Louise Candlish on the inspiration behind The Other Passenger
How I usually construct a novel is by taking three or four themes and styles that I want to explore and find a way to entwine them, leaving just enough loose stitches for the reader to start pulling and guessing. Readers are very intelligent and thrillers should be puzzles that might actually be solved.
I’d wanted to set a thriller among commuters, but had read quite a few set on trains (including the mighty The Girl on the Train) and the London Underground and I always like to be different – if possible, the first to do something. For a while, I couldn’t think how I could break the mould. Then, one day, I was travelling from Central London to the O2 Arena, which is on the Greenwich Peninsula in southeast London, and the tubes were down. I found the quickest way was by catamaran. The Thames Clippers are river buses that bring commuters into Central London from east and west, but not living by the river, I’d never taken advantage of them. Five minutes in one of those luxurious cream leather seats, G&T in hand, iconic London drifting by, and I knew I had my setting.

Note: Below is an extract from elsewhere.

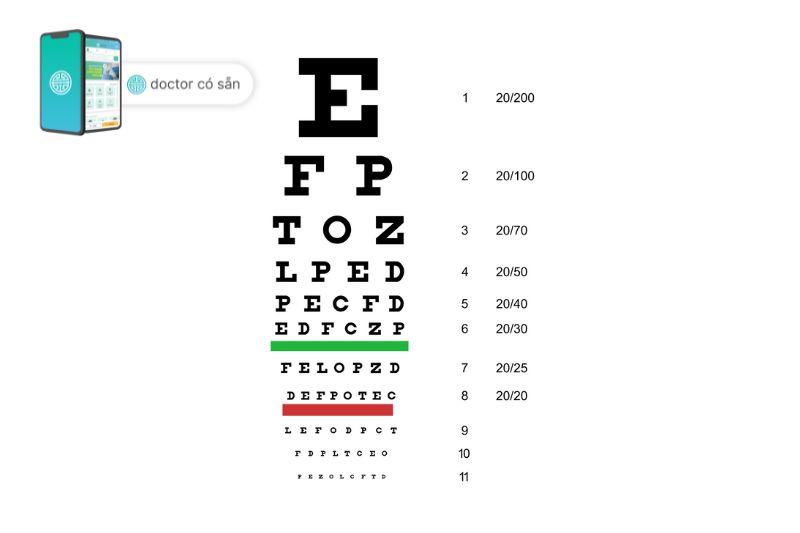 Cách tính độ cận thị của mắt Số hiển thị trên Diop tương đương với độ cận.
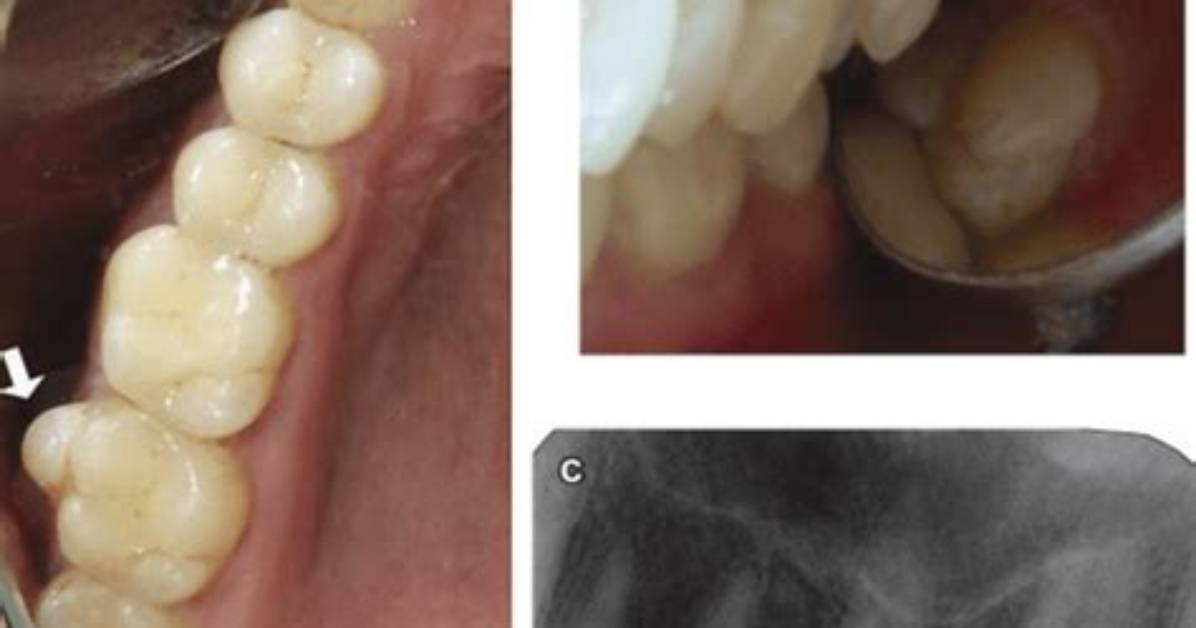 What Causes Paramolar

Another key strand was my love of noir movies, especially Hitchcock and those Forties classics starring Barbara Stanwyck, like Double Indemnity and Sorry, Wrong Number. I wanted to create a bang-up-to-date noir, a classic story of deception and double crossing starring a thoroughly modern femme fatale. Melia is my millennial Phyllis from Double Indemnity, Jamie her Fred. She’s beautiful, of course, but you can’t manipulate with beauty alone, you also need charisma and a certain vulnerability. Jamie wants to protect her and, if he can think of a way, rescue her. I loved writing Melia.

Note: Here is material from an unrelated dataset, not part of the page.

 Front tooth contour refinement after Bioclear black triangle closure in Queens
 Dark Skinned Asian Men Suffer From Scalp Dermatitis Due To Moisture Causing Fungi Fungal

There’s usually a bit of social commentary in my novels, often ripped from the headlines (like property obsession in Our House), and in The Other Passenger it is generational conflict, specifically between Gen X and millennials. Jamie and Clare are in their late forties, hurtling towards fifty and experiencing separate midlife crises, while Kit and Melia are in their late twenties, facing their own Armageddon in the form of thirty. Their friendship forms far too fast and disintegrates even faster. I am in the Jamie and Clare age group and I remember just how easy it was in my twenties to buy a home and acquire other assets. We left university debt-free and property prices were so affordable it was actually a cheaper option to buy than it was to rent. By comparison, Kit and Melia’s generation hold a losing hand. These two have left college with huge debts and continue to run up further debt because rents are so high and to socialise they must spend beyond their means. The future feels bleak and their discontent is exacerbated by their envy of the complacent Clare and Jamie. Of course, in a thriller, solutions to these perceived injustices might very well involve crime, but in reality, it mostly goes no further than low-level resentment. Until the inheritance comes through, that is, and the cycle starts again.